Vancouver Island came to the attention of the wider world after the third voyage of Captain James Cook, who landed at Nootka on March 31 1778 and claimed it for the United Kingdom. The island's rich fur trading potential led the British East India Company to set up a single building trading post in the small native village of Yuguot on Nootka Island.

Vancouver Island was further explored by Spain in 1789 by Esteban Jose Martinez, who built Fort San Miguel on one of Vancouver Island's small offshore islets in the South near Yuquot. This was to be the only Spanish settlement in what would later be Canada.
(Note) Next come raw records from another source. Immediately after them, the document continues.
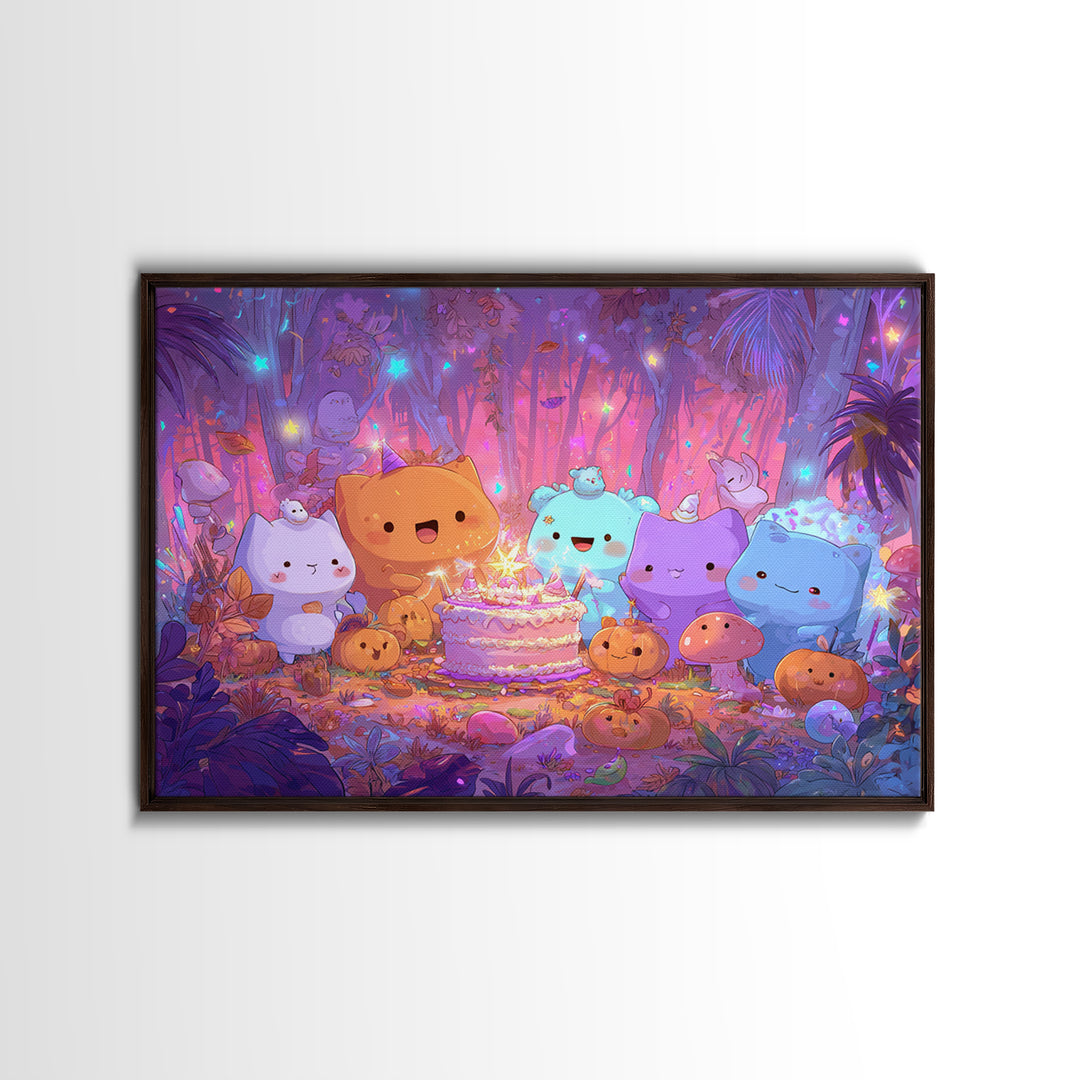 October'S Birthday Party, Cute Spooky Neon Art, Landscape Wall Art, Framed Canvas Print, Retro Halloween Decor, Neon Wall Art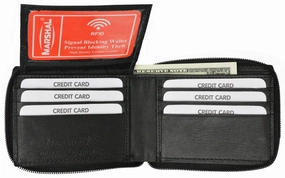 Clearance Steal Today Trending Deals Today Rfid Blocking Soft Premium Leather Zip Around Id Bifold Wallet Rfid P 1256 (C)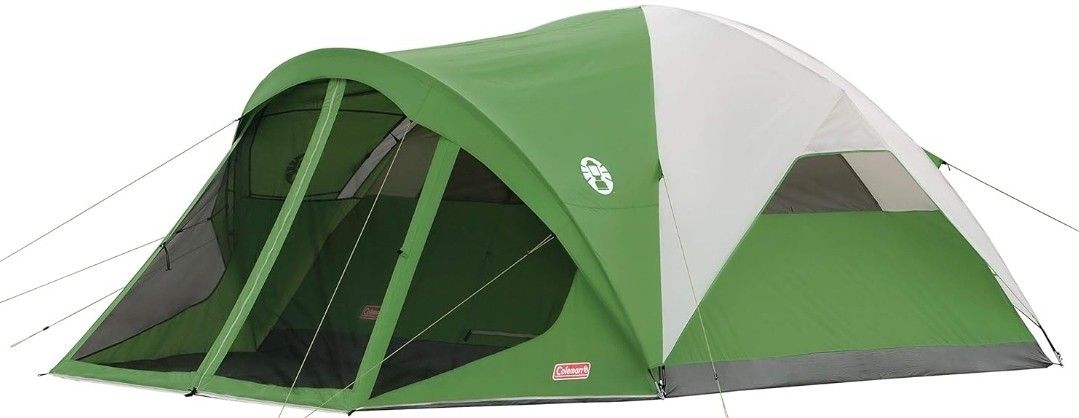 Coleman Evanston Screened Camping Tent, 6/8 Person Weatherproof Tent with Roomy Interior Includes Rainfly, Carry Bag, Easy Setup and Screened-In Porch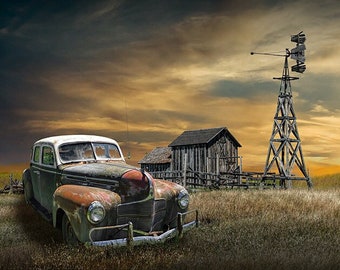 Vintage Auto with Rustic Barn and Farm Windmill Photo ,Old Automobile on Prairie Farm with Weathered Barn in Rural Landscape Fine Art Photo
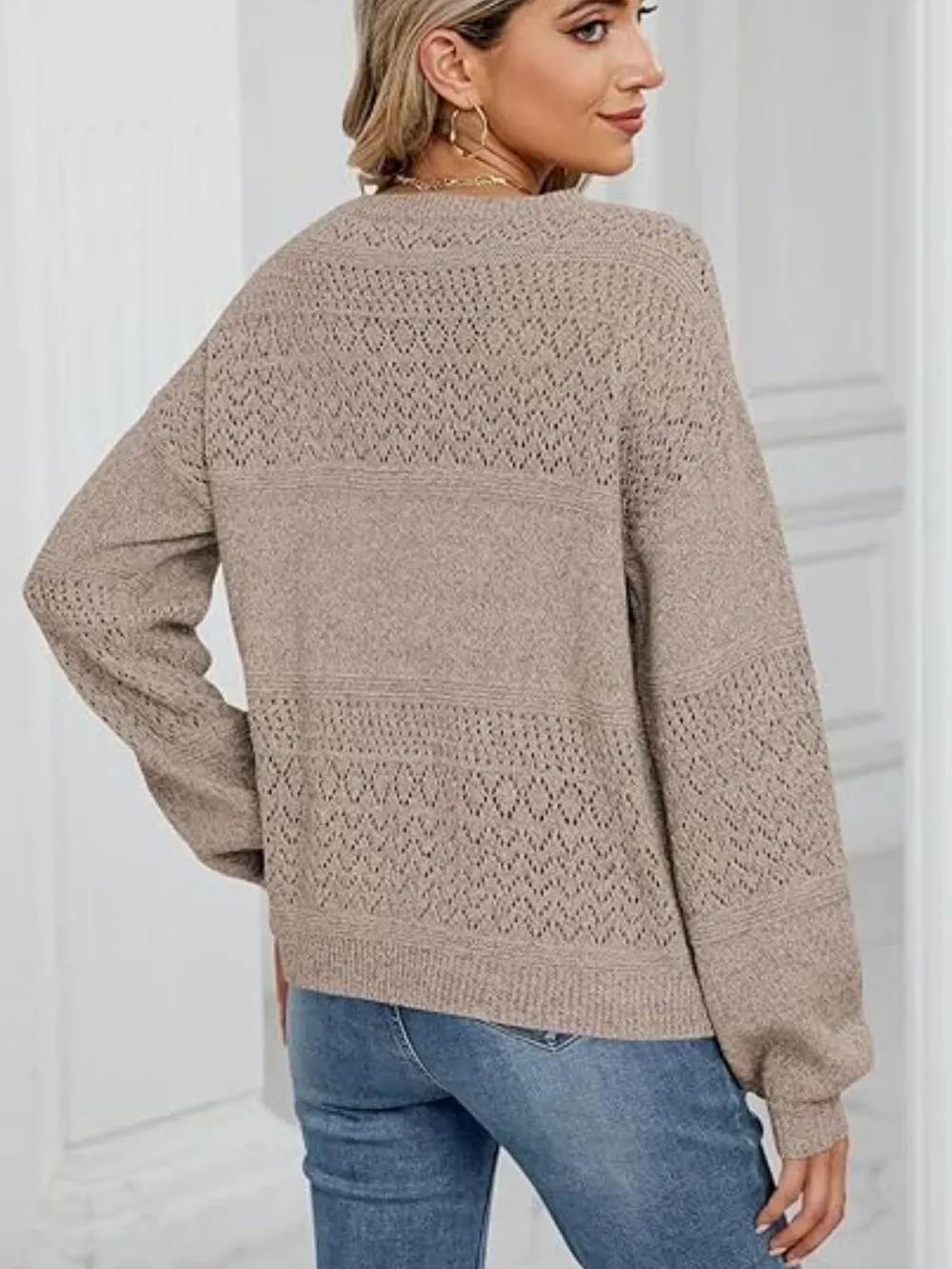 Eyelet V-Neck Long Sleeve Sweater, image 10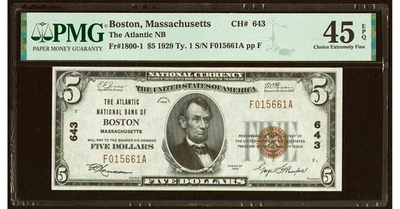 1929 Boston, MA $5 Type 1 The Atlantic National Bank Ch. # 643 PMG 45 EPQ - Image 1 of 2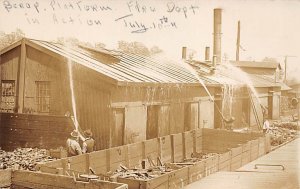 Platform Fire Department in Action Fire Related Unused real photo, writing on...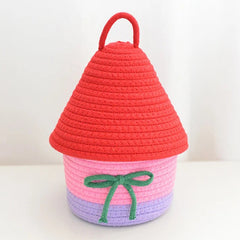 Woven Boho Basket - Large Rope Storage for Stylish Home Organization - Wooven Storage Baskets - Hurbane Home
The Spanish began seizing British ships and the two nations came close to war, but the issues were resolved peacefully in favour of the British with the Nootka Convention in 1792. Coordinating the handover was Captain George Vancouver from Kings Lynn in England, who had sailed as a midshipman with Cook, and from whom the island gained its name.

Today, Vancouver Island gets most of it's visitors in Victoria which is the city's capital. The Island has more British born residents than anywhere in Canada. A leading US travel magazine has voted it one of the world's top ten cities to visit. The Victoria waterfront area has an unmistakable quaint English feel to it, as Rudyard Kipling remarked "Brighton Pavilion with the Himalayas for a backdrop".

There are many shops and restaurants here along with an inspirational museum and the Butchart Gardens with twenty hectares of elaborate, manicured foliage. The main attraction here though has to be the boats that take tourists out whale watching in the waters around the city.